I was attracted by the eggs after having recently purchased mine from Vivian Alexander. Eddy, the manager, immediately offered to buy mine from me.
I know I’m going on and on about these exquisite pieces, but the hotel is more than ducks and shops. The history from the first Peabody in 1869 to the present tells interesting stories. You can take a guided tour of this little city in a building. Be sure and stop. This was my second visit to the Peabody and we skipped the tour. You can’t go everywhere the tour takes you but signs around the hotel allow you to hit the high spots on your own.
The famous part of Beale street is only about three blocks long. B.B.Kings place is here and plays blues musicians on a regular basis. He is no youngster. I saw him in concert in Murphys probably five years ago. He has a female singer that tours with him, walking with a cane, she has to sit to sing, but can she still belt out the tunes. It was marvelous. I asked workers at the club to remind me of her name, but they were clueless, just young kids.
We are day trekkers but this street is alive and humming at night with music galore pumping out of these joints thick enough to swim in. From us, you get the signs and a day walk. This sign?
The entire inside is just like the sign. Guitars and banjos hang from the ceiling with the names of musicians who have played here. Pretty phenomenal. They take their blues seriously in Memphis.
The neons are a spectacle at night.Ya’ gotta walk Beale at night.
I think this saloon is where the expression came from.
We stopped and talked to patrons getting sidewalk service at the PIG. They specialize in smoked meats, pulled pork sandwiches, etc. The smells were divine but we avoid red meats. They did have some turkey leg smoked, but we weren’t quite ready to eat just then. Prices on Beale St. are inflated.

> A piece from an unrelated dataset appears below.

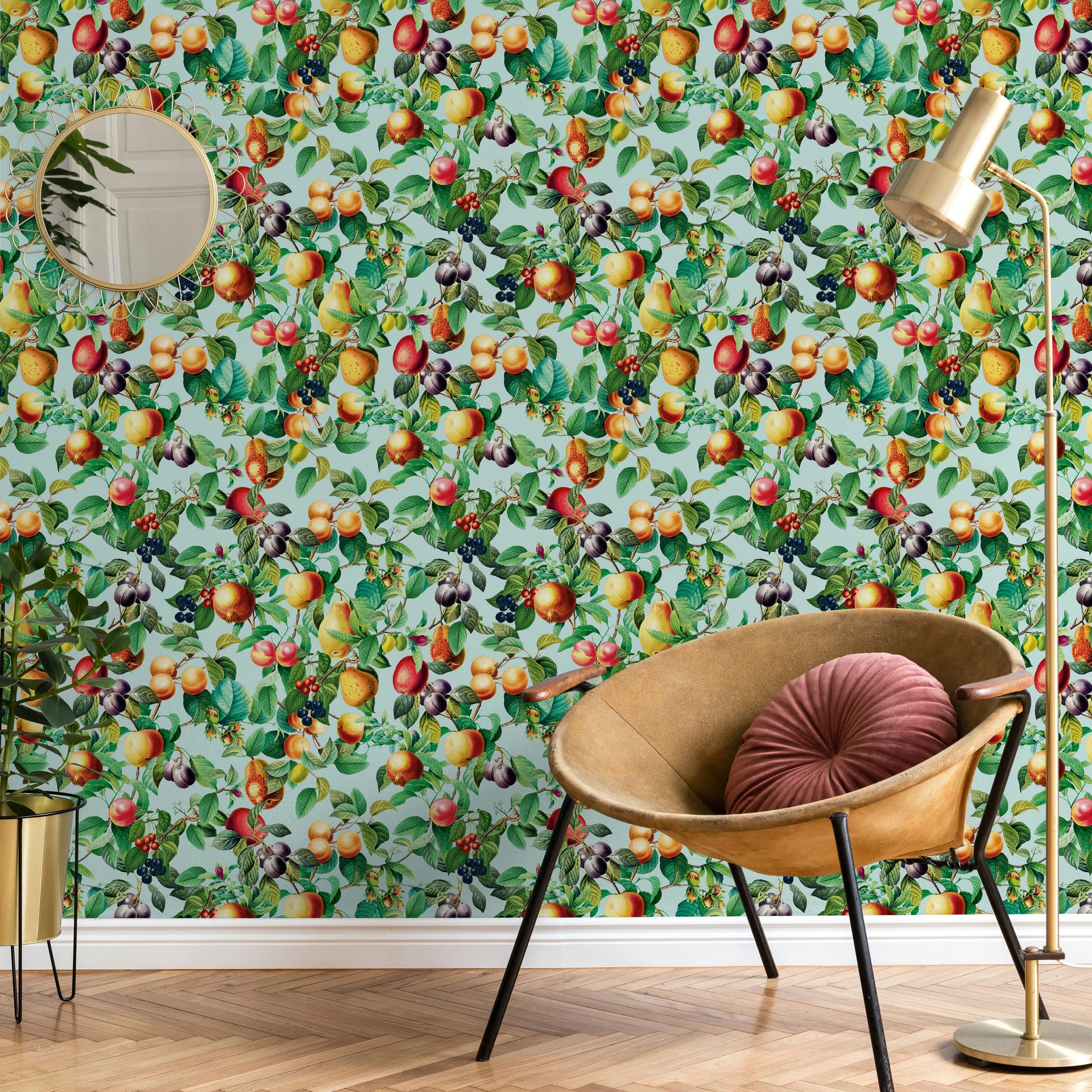 Marburg Vliestapete "Nova Loft" floral für Wohnzimmer Schlafzimmer Küche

We met near this building a homeless guy named Geno. He was pretty charming and told us he was born here, this is HIS city. He liked to try to climb the steel struts holding up the facade of this building when he was a kid. He told us a lot about the buildings on the street, kind of like a tour guide. Eventually, he politely asked for a handout, assuring me he didn’t use alcohol. I gladly handed him five bucks. I guess everybody knows I have a homeless brother who also must get by on charm.

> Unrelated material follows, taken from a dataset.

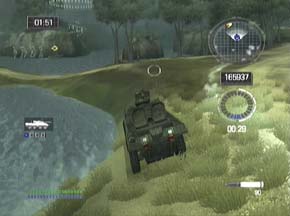 Battlefield 2: Modern Combat Challenge - Races BK 1990 Mobile Artillery 2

The patio at Sulky’s was closed, but Geno pointed out the two goats who cavort for customers and climb the tower and pose on the steep walkway. They were out of site of the camera just then.
There are historic markers here and there along the way.And a park with a statue of William Christopher Handy.
They’ve gone Hollywood by placing a musical note for notable musicians in cement. Geeno told us Jerry Lee Lewis’s note embedded in concrete is the only one with hands for his ostentatious piano playing. Geno pointed us in the right direction but we never did run across it.
Like New Orleans, it has some outrageous even risque signs and products.
All in fun. This sign is in the window of the store, Strange Cargo.
And in a town full of musicians, a guitar player may want a toilet seat shaped like a guitar.
Or something glitzy with a pink Cadillac. We saw one shaped like a piano keyboard. Hey, this is Beale St. home of the blues.
And there were a couple of blues musicians playing on the street for tips.
Some beautiful old buildings. This theater gets a second life as a place to hold weddings and other events.
And on Geno’s recommendation,we walked two blocks up 2nd street for a kind of scruffy looking fish place.
On the inside, they post pictures of a great catch from local fishermen and women on their liars wall.
They have odes to hundreds of catches on their billy bass adoption center. We guessed correctly the fish would be fresh and good and it was.
And,they are savy enough to know that not everyone wants their fish fried. My grilled catfish and veggies? Delicious. Good ole’ Geno, didn’t steer us wrong. Kind of interesting that we were looking at maharaja’s treasure in the morning, and enjoying the street people in the afternoon. All in a day’s work.